This is Part 2 of a 2-part blog series on important “must-dos” for worship leaders. Make sure to read Part 1 here.
There are those who lead songs at church, and those who lead worship. There is a huge difference. Leading worship songs is something that somebody does. Being a worship leader is something that someone is.
Leading worship songs is something that somebody does. Being a worship leader is something that someone is.
Familiarity With Worship Music
Worship leaders listen to worship music. They listen to a lot of it. They learn songs, and can sing or play many songs from memory. At the very least, there is a familiarity with many songs. They understand different styles of worship music, and though they may not be able to play all those styles, they know how a style of music ought to sound.
Knowing a lot of music allows the worship leader to be spontaneous during a worship gathering. He/she might include a song that wasn’t planned for, but is perfect for the moment. Sometimes a worship leader will think of a song that would be perfect for the moment, but cannot play it for lack of familiarity with that song. That is a lost opportunity. Worship leaders need to listen to a lot of worship music. They need to have a big repertoire. They need to be able to play dozens of songs by memory.
Music charts should be there as a reference, not as a lifeline. The worship leader ought to be able to play most of his/her songs by memory, which allows for freedom of expression as opposed to a desperate dependence on the written music. When the worship leader is struggling with a song because of lack of familiarity, the congregation feels it. Know the music, and practice it frequently.
A preacher needs to be able to spontaneously quote any number of scripture passages as the Spirit leads. The same is true for a worship leader. He/she needs to be able to bring up a song as the Spirit leads. The band needs to be able to follow.
Ensemble Performances: Listen, Listen, Listen
Having studied music at the college level, one of the things that was constantly re-enforced in ensemble playing was the importance of listening to the entire group AS you played/sang your part. How can I know how I fit into a worship team, if I am not listening to the others musicians/singers? Every person on the team ought to be able to sing back what every other musician is singing or playing. The bass player needs to know not just what the drummer is doing, but what the backup singers are singing. And so it goes with each member of the worship team. Ensemble playing requires paying attention to the entire group, not just to what you are doing.
In an amplified setting, this means proper amp adjustments, so that the stage volume is manageable for all. Good communication with the soundman is essential. If you can’t hear yourself or the team members, TELL THE SOUNDMAN! That is what they are there for, to help you hear well and sound good.
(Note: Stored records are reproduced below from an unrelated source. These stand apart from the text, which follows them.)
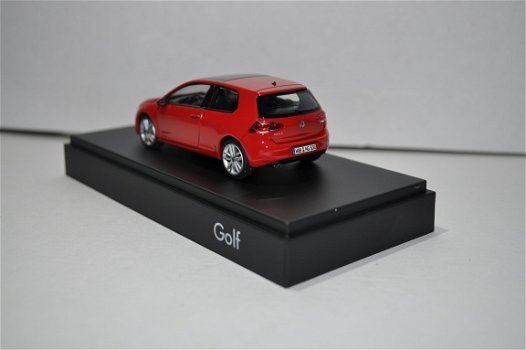 Volkswagen Vw Golf 4 doors rood 1:43 Herpa - 3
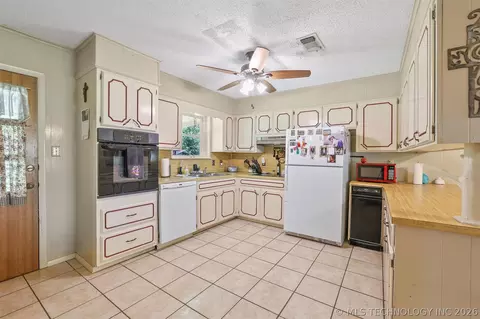 Kitchen - 107 Maple, Broken Bow, OK 74728 photo 2 of 3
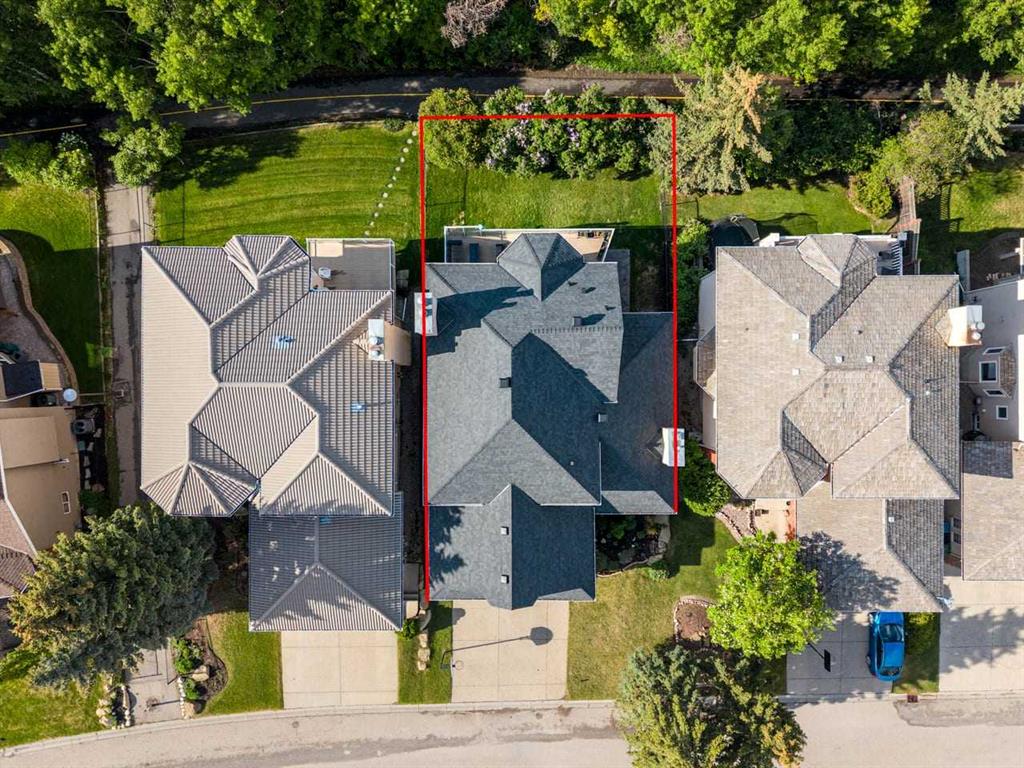 68 Christie Knoll Heights SW, Calgary, Alberta, T3H 2V2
I believe that the ideal situation for a worship leader is that he/she tells the team, “Follow me”. Some pre-determined arrangements can be worked out, but much happens spontaneously during a worship experience. That requires that people pay more attention to the worship leader than to themselves or their music. Stand where you can see the worship leader, watch for body language, visible cues of songs, starting, slowing down, breaks, or stopping. Be a team player by paying attention with your eyes and ears.
This listening approach is a non-negotiable for jazz musicians, who often use the chart as a starting point, but then play off of one another as they listen to one another. Much of the same is true in the worship team experience. Listen, listen and listen some more to what your team members are playing and singing.
1. Know the music well, and memorize songs.
2. Practice a lot. Sing and play skillfully to the Lord.
3. As a worship team member, “have ears to hear”.